[Short descriptive text snippets]
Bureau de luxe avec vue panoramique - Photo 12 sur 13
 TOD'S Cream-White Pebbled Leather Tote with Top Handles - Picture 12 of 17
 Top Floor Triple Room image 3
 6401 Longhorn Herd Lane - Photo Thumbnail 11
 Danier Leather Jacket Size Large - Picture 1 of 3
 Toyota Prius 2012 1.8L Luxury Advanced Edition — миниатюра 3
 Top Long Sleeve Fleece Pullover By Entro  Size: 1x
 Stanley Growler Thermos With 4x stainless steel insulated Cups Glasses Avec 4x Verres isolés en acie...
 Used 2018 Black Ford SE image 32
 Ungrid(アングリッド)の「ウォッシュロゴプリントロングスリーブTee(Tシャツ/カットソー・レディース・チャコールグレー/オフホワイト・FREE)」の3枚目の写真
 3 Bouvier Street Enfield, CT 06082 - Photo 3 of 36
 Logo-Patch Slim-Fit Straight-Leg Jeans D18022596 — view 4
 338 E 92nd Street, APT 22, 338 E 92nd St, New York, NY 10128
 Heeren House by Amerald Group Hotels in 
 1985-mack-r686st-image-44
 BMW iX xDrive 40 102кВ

### Work to be completed
Going from the line that contains "338 E 92nd Street, APT" to the last line of the records, reproduce every line as written.

### Response for this exercise
 338 E 92nd Street, APT 22, 338 E 92nd St, New York, NY 10128
 Heeren House by Amerald Group Hotels in 
 1985-mack-r686st-image-44
 BMW iX xDrive 40 102кВ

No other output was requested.